Ouch! That's a nice rod. Offshore is really where it's at. Don't give up on it. Bring less stuff next time you go out and you'll have less to worry about. A bag of cigs, a few king leaders, and one rod will bring you lots of action.


----------



## FishJunky (Apr 20, 2012)

Yeah I saw you flip ! What a bummer about your rod! It was nice to meet you. At lease you didnt lose all your tackle and was still able to fish. I lost over 500 worth of tackle a couple of weeks back and my bait rod when I flipped so I know the feeling.


----------



## JD7.62 (Feb 13, 2008)

Suck loosing the ling and your rod. I've never rolled my outback and I fish the gulf as much as the weather allows, what kind of kayak do you have? 

Today was a bad day for me ending up with two hobies in the middle of the street.


----------



## PBTH (Oct 1, 2007)

JD7, let's hear the story on that one.


----------



## aquatic argobull (Mar 2, 2009)

> JD7, let's hear the story on that one.


I would like to hear from both JD7 and romadfisherman! How did you flip the yak exactly, did a wave catch you off guard? And JD7, how did $4,000 worth of molded plastic end up in the middle of the road???

It seems like every time I catch a lot of good fish or have a great day on the water, I have to sacrifice something to poseidon, whether it be a pole, an injury or something to make up for the good day on the water...

JB


----------



## romadfishrman (Jan 23, 2009)

Leaned over to rinse my hands but I had the vantage chair up because I bay fish more and forgot my center of gravity was too high. Swell hit and over I went. Fished out of a PA12. Also, are the fishfinders supposed to handle a flip. Kayak wasn't flipped for more than 30 seconds.

JD please tell. Misery loves company


----------



## oxbeast1210 (Jun 21, 2010)

what type of lures does one use offshore from a yak??

I dont know if id be more upset about the cobia or combo..


----------



## Bo Keifus (May 9, 2012)

What did that cobia eat? I had a massive school of rays beside me the other and I'm sure there were cobia with them, I just didn't have anything rigged up to throw at the time


----------



## steve1029 (Feb 8, 2012)

romad seen you in the water but just though you where doing a water rentry. sorry about your rod but if i ever snag it like fishjunky's anchor I will return for sure.


----------



## romadfishrman (Jan 23, 2009)

Was fishing a small I think they're 125gram sebile magic swimmer. I saw a school of cow rays thought nothing of it bc of the time of year. Was peddling towards the beach to try and dredge up my rod.
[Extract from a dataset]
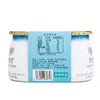 简爱6.0蛋白·裸酸奶发酵乳 商品缩略图2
Then I hear my rod jumping and drag screaming. Couldn't believe it when I saw it. Should've called out for some help but adrenaline was pumping once I looked into his eyes! 

Definitely more upset over the rod. The cobia would have made my day better. 

I appreciate that Steve. Keeping my fingers crossed.


----------



## sweetyak (Jul 26, 2012)

It was nice to meet you out there. Hope that bonita I gave you brings you lots of luck.


----------